Requirement:
Everything from the line with "Ältere Golf player" to the line with "KASA 2.0 - Mystic" in the listing below, both lines included, needs to be copied exactly, apart from the pictures.
───── Dataset content
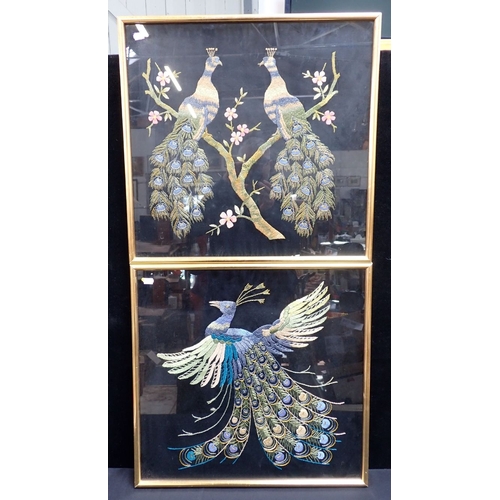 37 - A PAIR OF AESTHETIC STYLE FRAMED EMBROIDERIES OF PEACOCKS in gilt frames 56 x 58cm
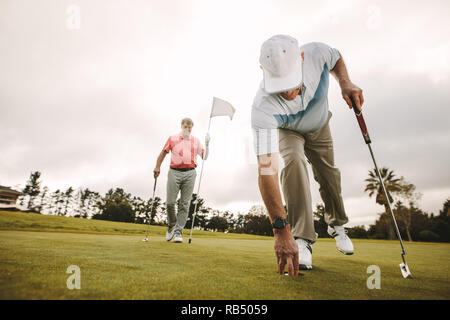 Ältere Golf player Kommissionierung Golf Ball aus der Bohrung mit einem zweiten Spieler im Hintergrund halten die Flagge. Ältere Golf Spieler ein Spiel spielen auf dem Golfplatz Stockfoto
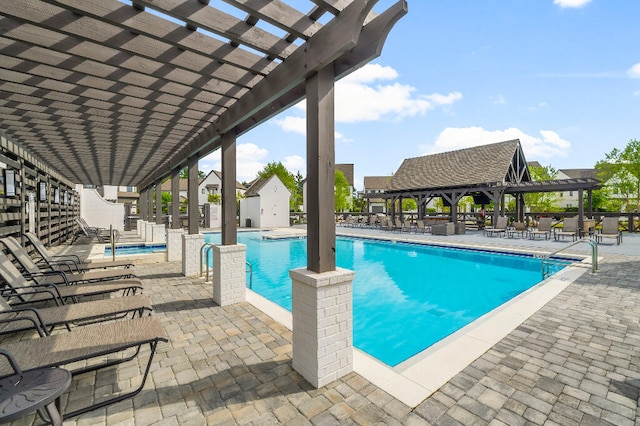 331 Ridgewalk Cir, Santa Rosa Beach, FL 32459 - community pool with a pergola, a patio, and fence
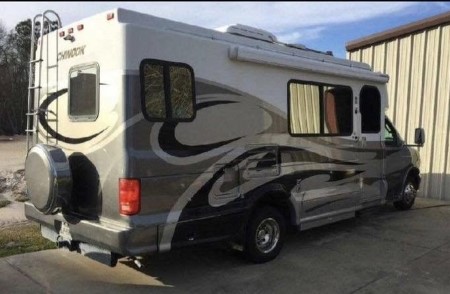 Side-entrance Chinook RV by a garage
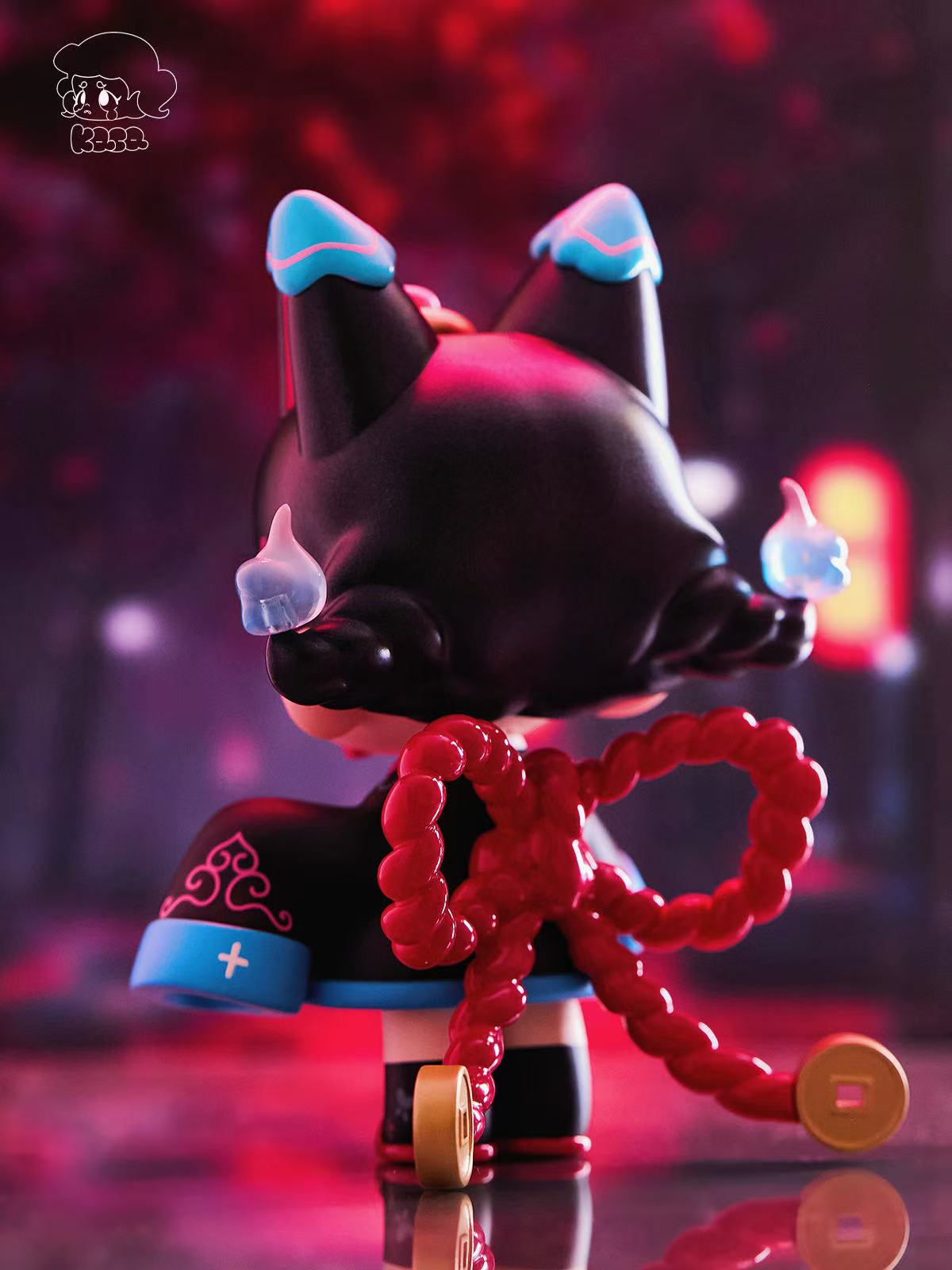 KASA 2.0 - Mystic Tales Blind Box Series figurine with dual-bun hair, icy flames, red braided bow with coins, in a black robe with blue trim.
──────────
───── Dataset content
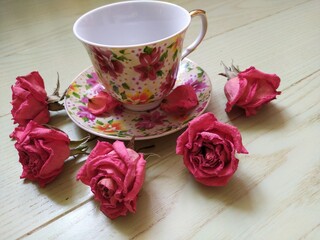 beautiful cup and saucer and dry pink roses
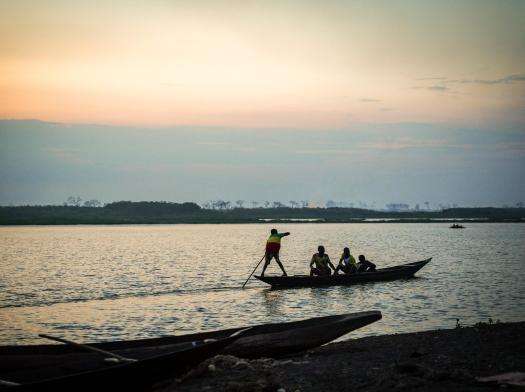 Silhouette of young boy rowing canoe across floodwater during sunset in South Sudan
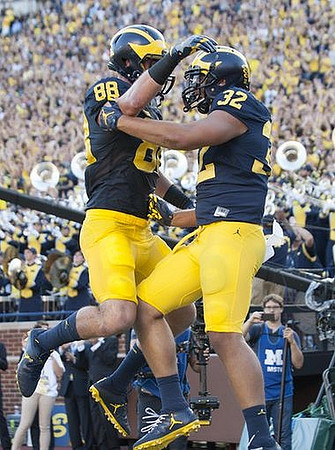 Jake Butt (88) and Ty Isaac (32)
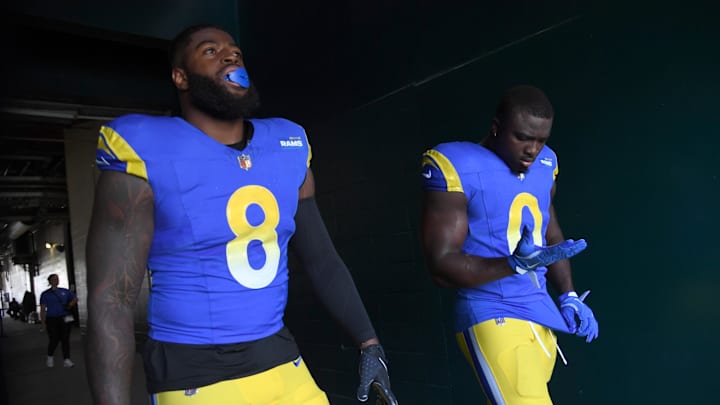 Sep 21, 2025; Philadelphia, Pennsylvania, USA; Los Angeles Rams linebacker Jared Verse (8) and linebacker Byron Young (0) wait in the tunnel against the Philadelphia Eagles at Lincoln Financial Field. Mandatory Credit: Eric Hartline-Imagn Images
──────────
Your response:
 Ältere Golf player Kommissionierung Golf Ball aus der Bohrung mit einem zweiten Spieler im Hintergrund halten die Flagge. Ältere Golf Spieler ein Spiel spielen auf dem Golfplatz Stockfoto
 331 Ridgewalk Cir, Santa Rosa Beach, FL 32459 - community pool with a pergola, a patio, and fence
 Side-entrance Chinook RV by a garage
 KASA 2.0 - Mystic Tales Blind Box Series figurine with dual-bun hair, icy flames, red braided bow with coins, in a black robe with blue trim.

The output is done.